Hi Arvid, Hi Sergey,
thanks for your feedback. I updated the FLIP accordingly but let me
answer your questions
here as well:
> Are we going to enforce that the name is a valid class name? What is
> happening if it's not a correct name?
> What are the implications of using a class that is not in the
> classpath in Table API? It looks to me that the name is metadata-only
> until we try to access the objects directly in Table/DataStream API.
Names are not enforced or validated. They are pure metadata as mentioned
in Section 2.1. We fallback to Row as the conversion class if the name
cannot be resolved in the current classpath. So when staying in the SQL
ecosystem (i.e. not switching to Table API, DataStream API, or UDFs),
the class must not be present.
> Should Expressions.objectOf(String, Object... kv); also have an
> overload where you can put in the StructuredType in case where
> the class is not in the CP?
That makes a lot of sense. I added a DataTypes.STRUCTURED(String,
Field...) method and a Expressions.objectOf(String, Object...).

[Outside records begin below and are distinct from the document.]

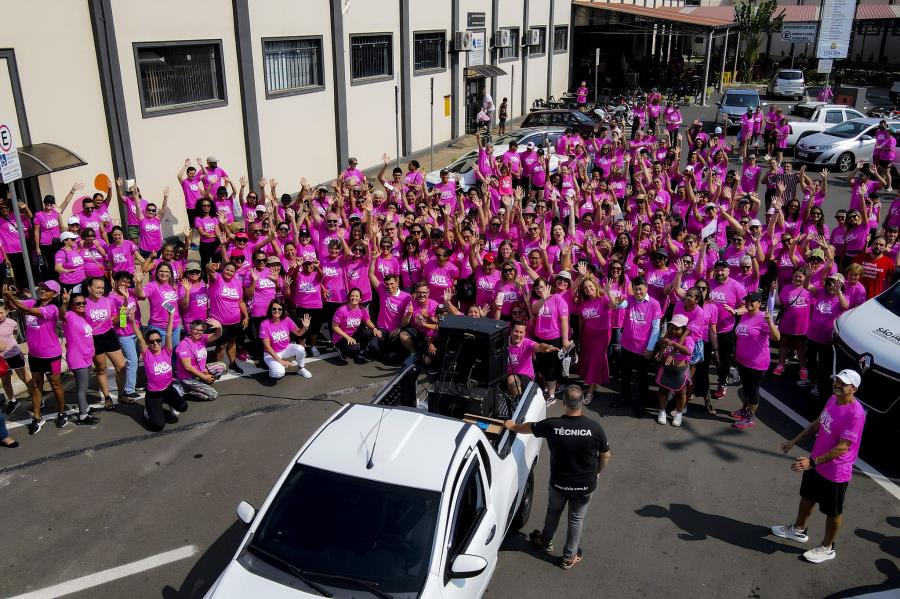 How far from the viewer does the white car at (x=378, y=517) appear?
4480 millimetres

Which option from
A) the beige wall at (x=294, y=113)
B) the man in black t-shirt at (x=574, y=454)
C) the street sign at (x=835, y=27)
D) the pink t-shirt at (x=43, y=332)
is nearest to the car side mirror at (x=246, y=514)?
the man in black t-shirt at (x=574, y=454)

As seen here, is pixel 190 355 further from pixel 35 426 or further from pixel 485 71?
pixel 485 71

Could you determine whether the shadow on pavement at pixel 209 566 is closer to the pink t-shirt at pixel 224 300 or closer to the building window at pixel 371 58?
the pink t-shirt at pixel 224 300

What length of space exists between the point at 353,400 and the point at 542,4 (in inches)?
1119

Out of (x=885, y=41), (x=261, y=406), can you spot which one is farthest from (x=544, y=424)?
(x=885, y=41)

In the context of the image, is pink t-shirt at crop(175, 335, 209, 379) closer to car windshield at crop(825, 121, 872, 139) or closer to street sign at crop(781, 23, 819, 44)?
car windshield at crop(825, 121, 872, 139)

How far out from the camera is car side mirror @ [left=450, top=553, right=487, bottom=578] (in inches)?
177

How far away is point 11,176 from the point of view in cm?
990

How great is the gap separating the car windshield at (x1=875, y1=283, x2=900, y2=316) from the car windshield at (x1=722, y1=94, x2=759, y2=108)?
72.8 ft

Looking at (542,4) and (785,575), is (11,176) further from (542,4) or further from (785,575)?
(542,4)

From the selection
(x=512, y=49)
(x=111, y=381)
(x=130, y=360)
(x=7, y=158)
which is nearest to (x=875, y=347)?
(x=130, y=360)

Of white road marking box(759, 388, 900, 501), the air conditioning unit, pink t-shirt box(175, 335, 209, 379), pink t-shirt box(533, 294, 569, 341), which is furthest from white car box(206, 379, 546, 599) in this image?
the air conditioning unit

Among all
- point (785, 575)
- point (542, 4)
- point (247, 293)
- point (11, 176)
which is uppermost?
point (542, 4)

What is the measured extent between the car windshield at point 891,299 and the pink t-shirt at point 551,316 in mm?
3627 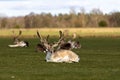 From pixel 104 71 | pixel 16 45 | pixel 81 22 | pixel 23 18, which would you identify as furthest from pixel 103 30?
pixel 104 71

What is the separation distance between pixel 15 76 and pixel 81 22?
122544 millimetres

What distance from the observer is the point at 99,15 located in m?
155

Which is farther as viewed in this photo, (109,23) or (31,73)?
(109,23)

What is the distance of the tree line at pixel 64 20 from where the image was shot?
14438 centimetres

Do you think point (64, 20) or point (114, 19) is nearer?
point (114, 19)

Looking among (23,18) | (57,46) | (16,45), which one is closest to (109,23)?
(23,18)

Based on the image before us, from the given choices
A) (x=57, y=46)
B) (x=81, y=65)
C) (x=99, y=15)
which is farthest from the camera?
(x=99, y=15)

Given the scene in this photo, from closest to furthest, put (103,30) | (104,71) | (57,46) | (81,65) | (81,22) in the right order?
(104,71), (81,65), (57,46), (103,30), (81,22)

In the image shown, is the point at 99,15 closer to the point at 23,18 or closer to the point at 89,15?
the point at 89,15

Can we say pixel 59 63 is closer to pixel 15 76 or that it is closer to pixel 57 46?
pixel 57 46

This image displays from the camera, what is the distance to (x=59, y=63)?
24.5 metres

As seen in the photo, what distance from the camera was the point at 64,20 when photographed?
156250 mm

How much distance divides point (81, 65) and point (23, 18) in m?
136

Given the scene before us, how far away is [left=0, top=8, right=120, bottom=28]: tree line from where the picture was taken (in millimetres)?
144375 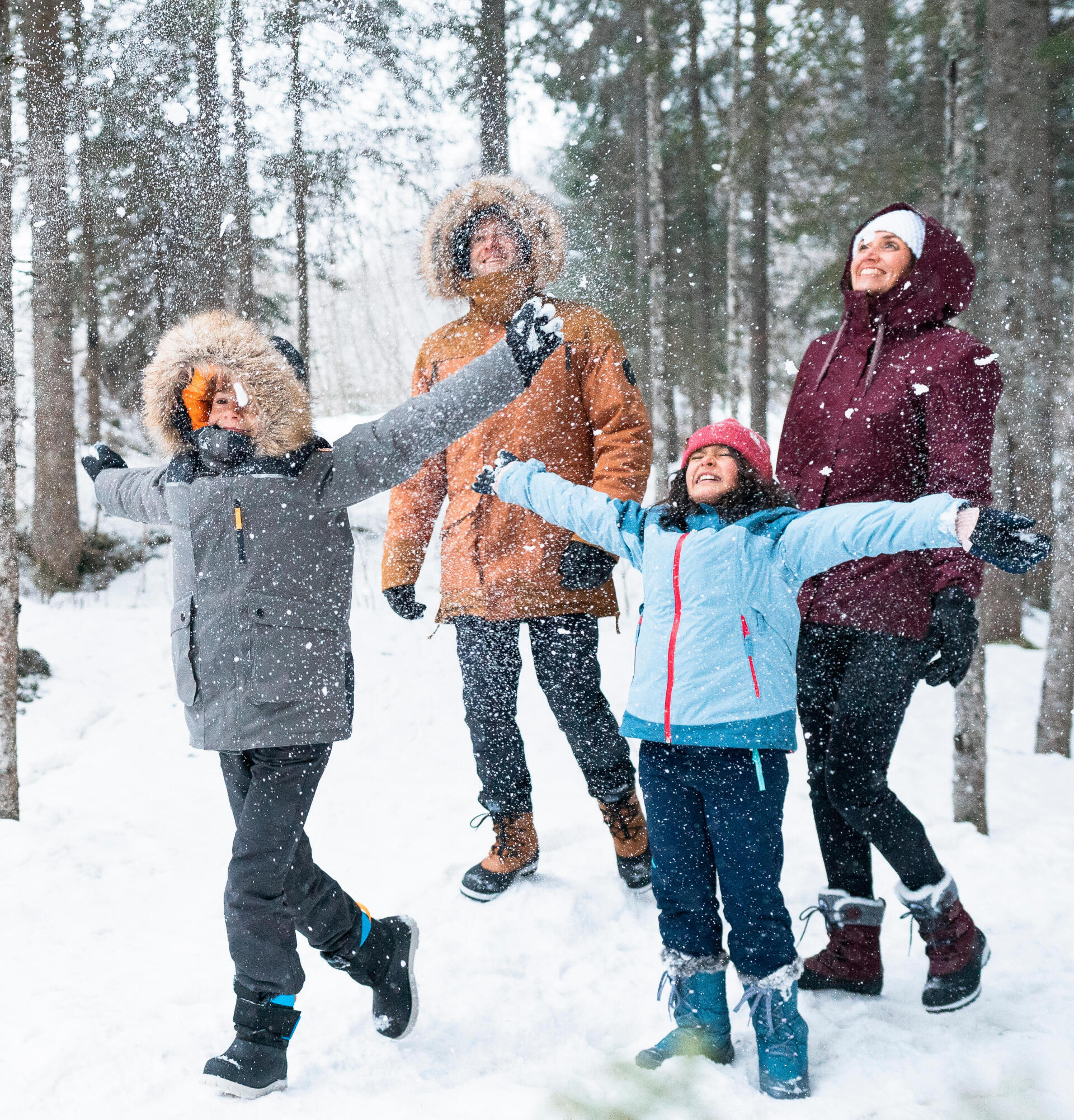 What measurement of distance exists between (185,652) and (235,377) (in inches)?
28.6

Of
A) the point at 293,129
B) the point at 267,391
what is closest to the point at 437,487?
the point at 267,391

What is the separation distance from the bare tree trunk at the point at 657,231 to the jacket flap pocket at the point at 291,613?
19.6 ft

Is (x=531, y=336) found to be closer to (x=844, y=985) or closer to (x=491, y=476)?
(x=491, y=476)

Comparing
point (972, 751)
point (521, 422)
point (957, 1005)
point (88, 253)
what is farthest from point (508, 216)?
point (88, 253)

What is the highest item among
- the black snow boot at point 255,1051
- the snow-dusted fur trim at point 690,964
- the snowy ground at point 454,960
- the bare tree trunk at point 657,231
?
the bare tree trunk at point 657,231

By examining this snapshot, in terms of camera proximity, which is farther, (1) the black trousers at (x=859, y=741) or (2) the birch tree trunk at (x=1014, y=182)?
(2) the birch tree trunk at (x=1014, y=182)

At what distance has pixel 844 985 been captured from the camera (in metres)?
2.65

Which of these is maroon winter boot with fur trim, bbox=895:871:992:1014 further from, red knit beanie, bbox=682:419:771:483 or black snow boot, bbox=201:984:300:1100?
black snow boot, bbox=201:984:300:1100

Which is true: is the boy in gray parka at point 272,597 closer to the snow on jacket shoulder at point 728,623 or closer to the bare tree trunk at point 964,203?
the snow on jacket shoulder at point 728,623

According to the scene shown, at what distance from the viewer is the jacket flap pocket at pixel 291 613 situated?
2252mm

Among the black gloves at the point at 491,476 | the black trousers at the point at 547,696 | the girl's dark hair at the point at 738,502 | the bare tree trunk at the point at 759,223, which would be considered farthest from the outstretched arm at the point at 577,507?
the bare tree trunk at the point at 759,223

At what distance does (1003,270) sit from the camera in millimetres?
5543

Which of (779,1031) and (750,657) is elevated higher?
(750,657)

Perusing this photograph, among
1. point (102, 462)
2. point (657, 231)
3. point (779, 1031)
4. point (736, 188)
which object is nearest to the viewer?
point (779, 1031) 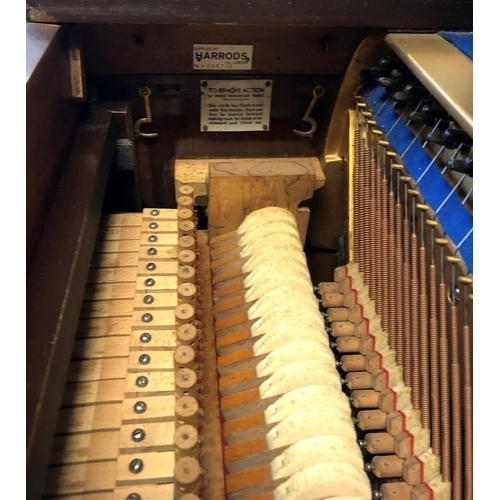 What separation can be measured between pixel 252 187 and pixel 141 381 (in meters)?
0.76

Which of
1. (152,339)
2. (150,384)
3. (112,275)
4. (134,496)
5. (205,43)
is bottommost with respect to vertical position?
(134,496)

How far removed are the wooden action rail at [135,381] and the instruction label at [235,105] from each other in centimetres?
40

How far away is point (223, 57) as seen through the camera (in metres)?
1.74

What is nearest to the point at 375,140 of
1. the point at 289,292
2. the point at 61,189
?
the point at 289,292

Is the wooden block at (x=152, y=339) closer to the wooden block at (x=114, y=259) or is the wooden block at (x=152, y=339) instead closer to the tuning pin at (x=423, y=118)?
the wooden block at (x=114, y=259)

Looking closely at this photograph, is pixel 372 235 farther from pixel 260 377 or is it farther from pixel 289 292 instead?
pixel 260 377

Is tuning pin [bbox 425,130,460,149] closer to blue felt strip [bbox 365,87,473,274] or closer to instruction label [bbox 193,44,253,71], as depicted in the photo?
blue felt strip [bbox 365,87,473,274]

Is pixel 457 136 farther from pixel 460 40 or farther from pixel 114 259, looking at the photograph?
pixel 114 259

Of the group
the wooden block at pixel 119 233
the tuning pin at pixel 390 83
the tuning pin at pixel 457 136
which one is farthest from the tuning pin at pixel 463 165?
the wooden block at pixel 119 233

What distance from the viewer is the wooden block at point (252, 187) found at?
5.78 ft

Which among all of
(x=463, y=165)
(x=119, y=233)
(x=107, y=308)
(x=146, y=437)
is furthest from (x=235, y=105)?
(x=146, y=437)

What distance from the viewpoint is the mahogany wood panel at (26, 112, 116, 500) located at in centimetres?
92

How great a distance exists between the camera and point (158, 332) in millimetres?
1368

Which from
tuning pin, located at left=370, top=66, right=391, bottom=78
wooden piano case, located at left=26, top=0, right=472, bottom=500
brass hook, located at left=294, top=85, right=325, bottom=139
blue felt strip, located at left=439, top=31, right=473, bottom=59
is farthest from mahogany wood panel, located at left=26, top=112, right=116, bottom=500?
blue felt strip, located at left=439, top=31, right=473, bottom=59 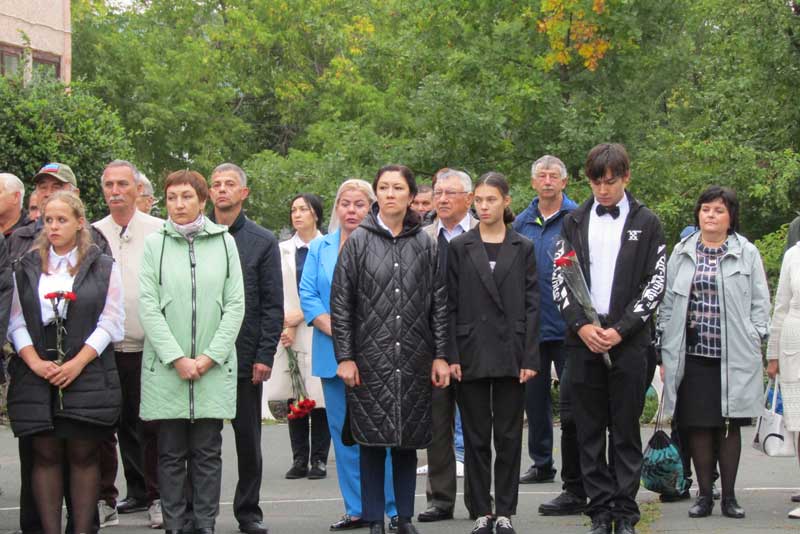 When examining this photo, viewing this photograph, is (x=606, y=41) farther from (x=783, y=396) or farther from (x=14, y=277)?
(x=14, y=277)

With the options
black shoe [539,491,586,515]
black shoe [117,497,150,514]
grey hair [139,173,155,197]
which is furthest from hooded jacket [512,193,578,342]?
black shoe [117,497,150,514]

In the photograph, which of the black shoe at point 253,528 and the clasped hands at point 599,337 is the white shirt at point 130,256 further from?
the clasped hands at point 599,337

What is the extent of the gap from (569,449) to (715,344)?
1.23m

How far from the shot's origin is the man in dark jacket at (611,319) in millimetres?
Answer: 7539

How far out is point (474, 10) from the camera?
68.6 feet

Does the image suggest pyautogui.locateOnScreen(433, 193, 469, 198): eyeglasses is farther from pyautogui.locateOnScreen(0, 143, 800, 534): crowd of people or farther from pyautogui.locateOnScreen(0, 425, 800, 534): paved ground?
pyautogui.locateOnScreen(0, 425, 800, 534): paved ground

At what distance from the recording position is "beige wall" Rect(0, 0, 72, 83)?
22781 millimetres

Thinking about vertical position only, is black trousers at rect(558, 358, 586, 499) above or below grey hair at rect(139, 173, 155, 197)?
below

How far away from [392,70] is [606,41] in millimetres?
4880

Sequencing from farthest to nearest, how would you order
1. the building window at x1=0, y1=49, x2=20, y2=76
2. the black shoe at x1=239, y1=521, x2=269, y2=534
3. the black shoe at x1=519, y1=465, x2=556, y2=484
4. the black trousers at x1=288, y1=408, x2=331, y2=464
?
1. the building window at x1=0, y1=49, x2=20, y2=76
2. the black trousers at x1=288, y1=408, x2=331, y2=464
3. the black shoe at x1=519, y1=465, x2=556, y2=484
4. the black shoe at x1=239, y1=521, x2=269, y2=534

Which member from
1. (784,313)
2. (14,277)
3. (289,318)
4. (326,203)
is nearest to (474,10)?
(326,203)

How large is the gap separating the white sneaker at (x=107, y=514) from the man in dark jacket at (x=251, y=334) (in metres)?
0.84

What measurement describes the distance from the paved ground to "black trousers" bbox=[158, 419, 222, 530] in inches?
31.4

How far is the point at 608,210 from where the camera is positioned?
7.71 m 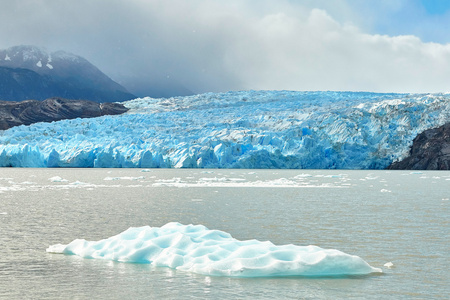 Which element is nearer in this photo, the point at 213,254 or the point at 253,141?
the point at 213,254

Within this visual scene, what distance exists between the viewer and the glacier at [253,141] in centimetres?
4312

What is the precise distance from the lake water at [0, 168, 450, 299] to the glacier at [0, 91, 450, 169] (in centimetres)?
2545

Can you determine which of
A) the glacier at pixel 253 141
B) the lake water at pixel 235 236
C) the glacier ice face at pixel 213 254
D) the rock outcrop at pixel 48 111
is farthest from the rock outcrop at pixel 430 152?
the glacier ice face at pixel 213 254

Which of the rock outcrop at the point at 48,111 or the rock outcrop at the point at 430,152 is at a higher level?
the rock outcrop at the point at 48,111

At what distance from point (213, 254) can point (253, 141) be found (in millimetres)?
37518

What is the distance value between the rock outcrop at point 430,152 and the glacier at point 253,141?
84 cm

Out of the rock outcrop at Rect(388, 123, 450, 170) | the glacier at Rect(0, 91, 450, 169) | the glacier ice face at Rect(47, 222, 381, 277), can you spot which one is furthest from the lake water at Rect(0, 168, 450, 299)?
the rock outcrop at Rect(388, 123, 450, 170)

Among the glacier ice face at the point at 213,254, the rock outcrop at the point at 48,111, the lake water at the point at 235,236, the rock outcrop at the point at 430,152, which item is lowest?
the lake water at the point at 235,236

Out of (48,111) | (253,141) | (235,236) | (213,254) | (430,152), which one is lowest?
(235,236)

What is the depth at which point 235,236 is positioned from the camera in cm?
916

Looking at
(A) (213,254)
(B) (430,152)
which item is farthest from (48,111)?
(A) (213,254)

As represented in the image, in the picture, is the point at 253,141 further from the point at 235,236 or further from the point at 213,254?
the point at 213,254

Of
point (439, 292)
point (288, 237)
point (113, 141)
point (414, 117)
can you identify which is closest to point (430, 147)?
point (414, 117)

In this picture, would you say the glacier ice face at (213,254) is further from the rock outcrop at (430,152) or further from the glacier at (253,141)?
the rock outcrop at (430,152) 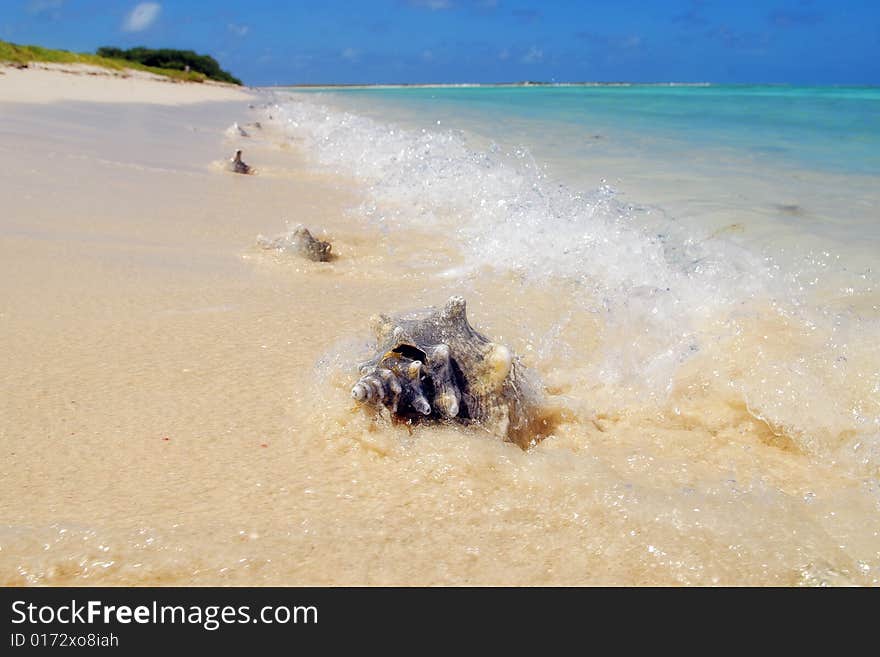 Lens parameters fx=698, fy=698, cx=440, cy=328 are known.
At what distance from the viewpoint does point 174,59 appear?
57.3 m

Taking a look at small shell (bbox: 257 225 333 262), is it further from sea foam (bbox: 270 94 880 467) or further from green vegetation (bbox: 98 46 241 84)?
green vegetation (bbox: 98 46 241 84)

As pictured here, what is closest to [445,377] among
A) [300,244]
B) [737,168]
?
[300,244]

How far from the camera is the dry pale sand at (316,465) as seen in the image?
6.37 feet

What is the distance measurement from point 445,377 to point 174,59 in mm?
62940

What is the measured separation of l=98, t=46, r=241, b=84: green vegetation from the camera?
177 ft

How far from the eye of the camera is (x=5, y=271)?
3.92 meters

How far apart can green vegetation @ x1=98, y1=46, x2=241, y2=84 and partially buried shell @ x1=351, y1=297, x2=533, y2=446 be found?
57354 mm

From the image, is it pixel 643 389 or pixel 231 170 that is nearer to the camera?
pixel 643 389

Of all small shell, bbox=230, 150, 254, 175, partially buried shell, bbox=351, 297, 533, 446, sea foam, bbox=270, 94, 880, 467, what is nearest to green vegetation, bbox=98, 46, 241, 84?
small shell, bbox=230, 150, 254, 175

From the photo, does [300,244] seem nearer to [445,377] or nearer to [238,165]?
[445,377]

> What is the expected outcome of supplying fewer keys than defined
> in the structured type? Are we going to make use of nullability here?
> If so, *_INSERT and *_REMOVE may have some use.
Currently, we go with the most conservative approach, which means that
all keys need to be present. Maybe we can reserve this feature to future
work and make the logic more lenient.
> Talking about nullability: Is there some option to make the declared
> fields NOT NULL? If so, could you amend one example to show that?
> (Grammar? implies that it's not possible)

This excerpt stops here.